• _EXERCISE INSTRUCTIONS_: Once you reach the line that holds "Two Modern Aesthetic" in the listing below, output it and every line after it through the line that holds "120 Torbet Road", word for word.
--- THE INPUT Enclosed Below ---
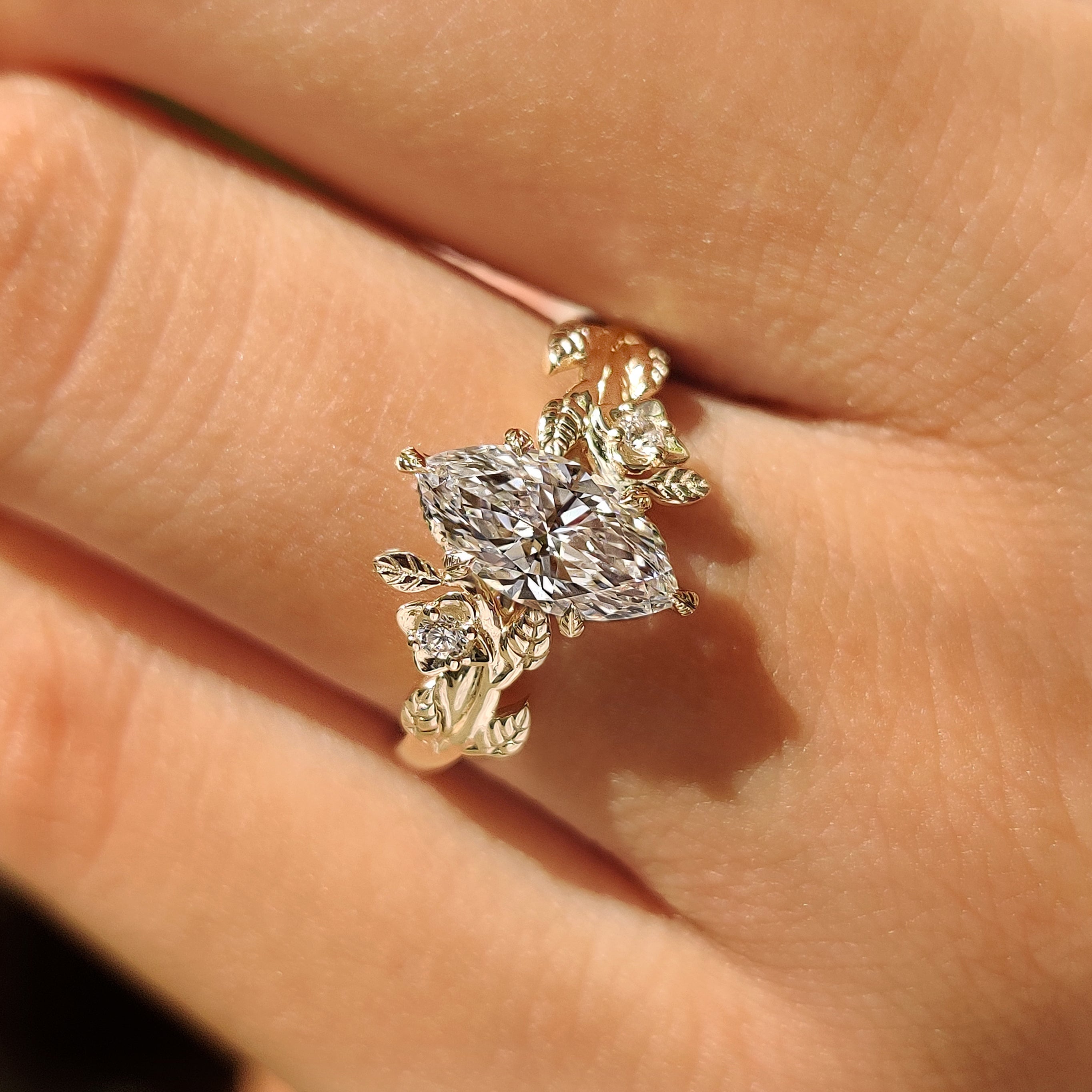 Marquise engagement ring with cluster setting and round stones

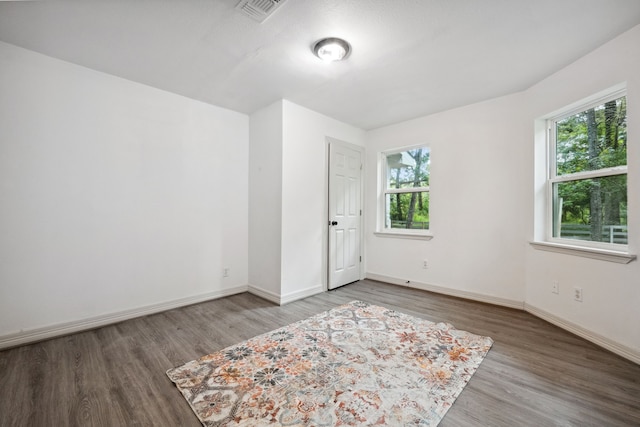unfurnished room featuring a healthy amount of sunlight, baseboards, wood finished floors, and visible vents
--- End of Enclosed THE INPUT ---
--- THE INPUT Enclosed Below ---
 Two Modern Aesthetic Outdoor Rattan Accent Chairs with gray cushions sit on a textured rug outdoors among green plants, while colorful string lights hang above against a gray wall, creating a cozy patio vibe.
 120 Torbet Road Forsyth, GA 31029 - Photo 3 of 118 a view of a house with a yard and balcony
--- End of Enclosed THE INPUT ---
--- THE INPUT Enclosed Below ---
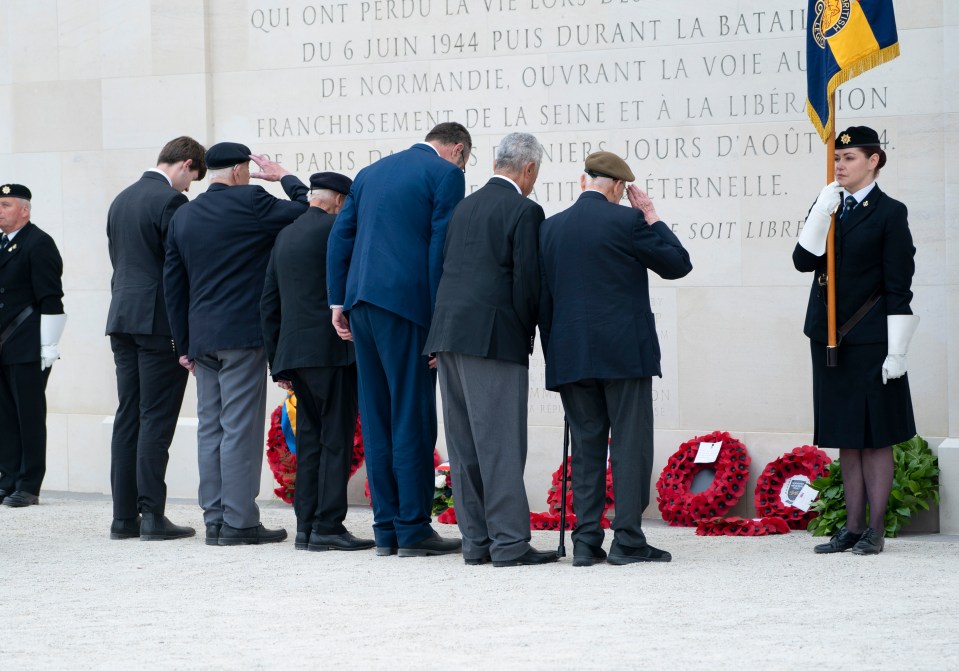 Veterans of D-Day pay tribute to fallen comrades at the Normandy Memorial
--- End of Enclosed THE INPUT ---
• _ANSWER_:
 Two Modern Aesthetic Outdoor Rattan Accent Chairs with gray cushions sit on a textured rug outdoors among green plants, while colorful string lights hang above against a gray wall, creating a cozy patio vibe.
 120 Torbet Road Forsyth, GA 31029 - Photo 3 of 118 a view of a house with a yard and balcony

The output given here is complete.